* **Input data**:
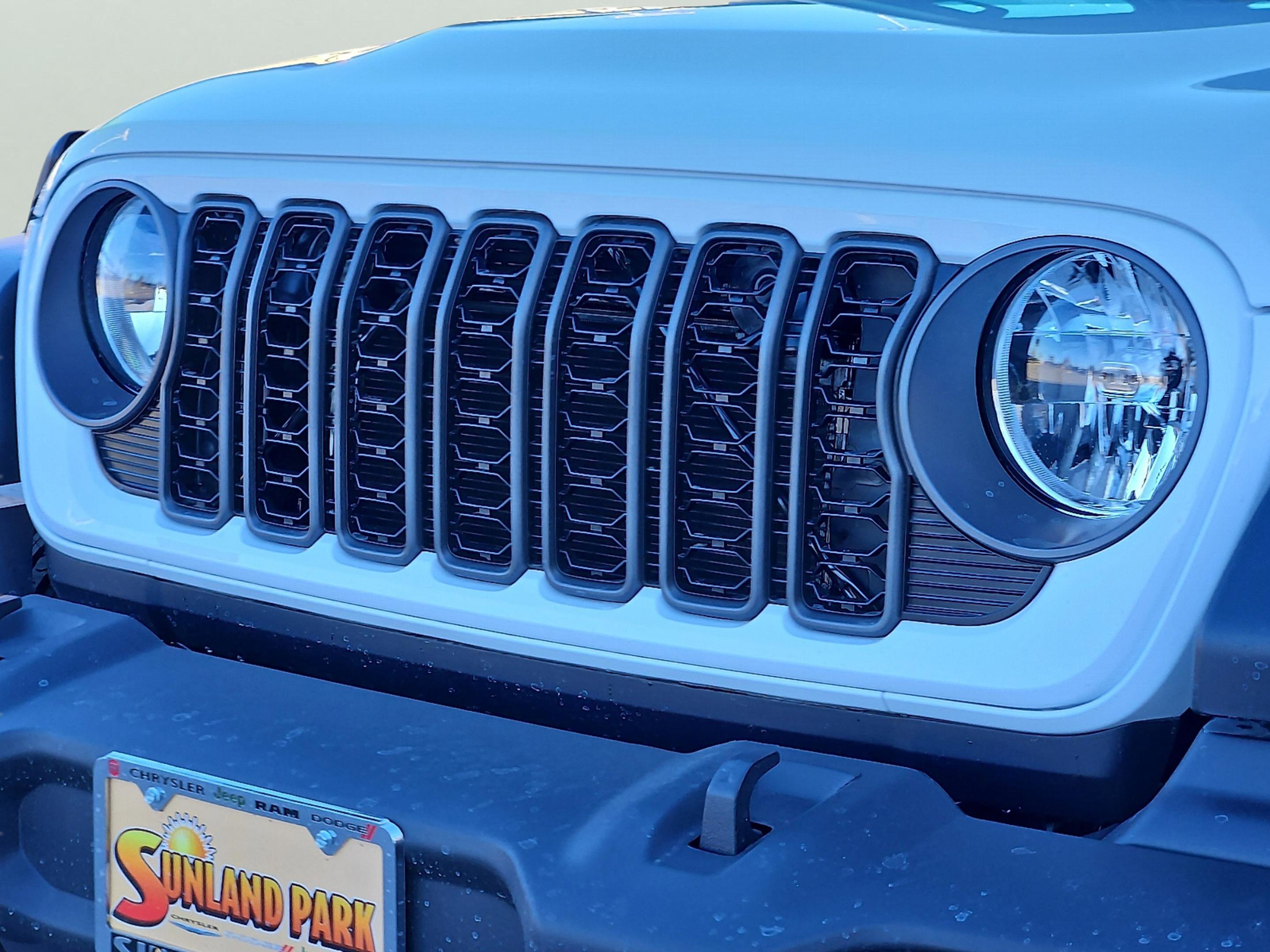 New 2026 Bright White Clear-Coat Exterior Paint Jeep Sport image 7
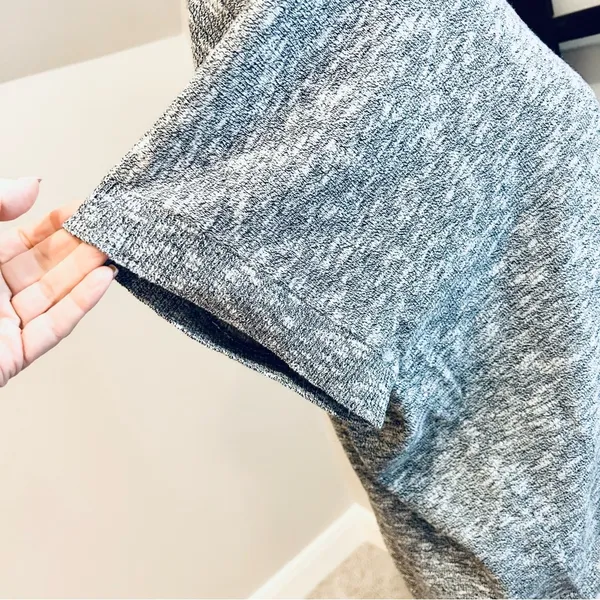 Madewell Gray Heather V-Neck Short Sleeve Sweater Medium - Image 7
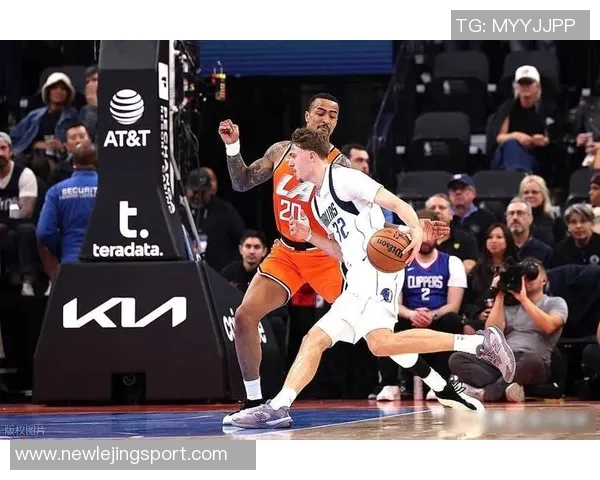 弗拉格单场砍下35分助攻双双创历史成NBA最年轻纪录新星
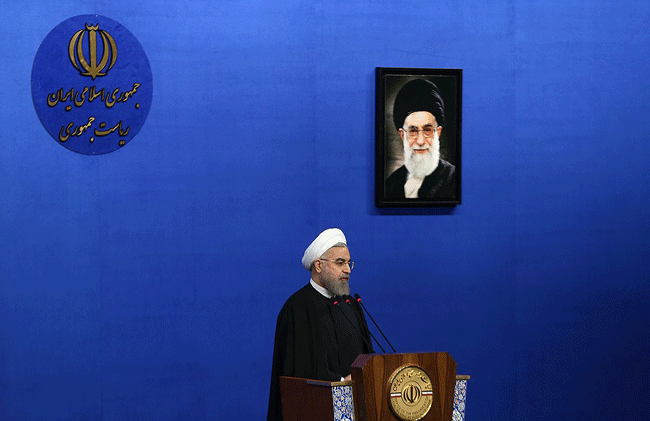 (تصاویر) ضیافت افطار روحانی با فعالان احزاب و سیاسیون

* **Work required**:
Beginning with the line that has "弗拉格单场砍下35分助攻双双创历史成NBA最年轻纪录新星", repeat each remaining line of the data above word for word, keeping pictures out.

* **Completed exercise**:
 弗拉格单场砍下35分助攻双双创历史成NBA最年轻纪录新星
 (تصاویر) ضیافت افطار روحانی با فعالان احزاب و سیاسیون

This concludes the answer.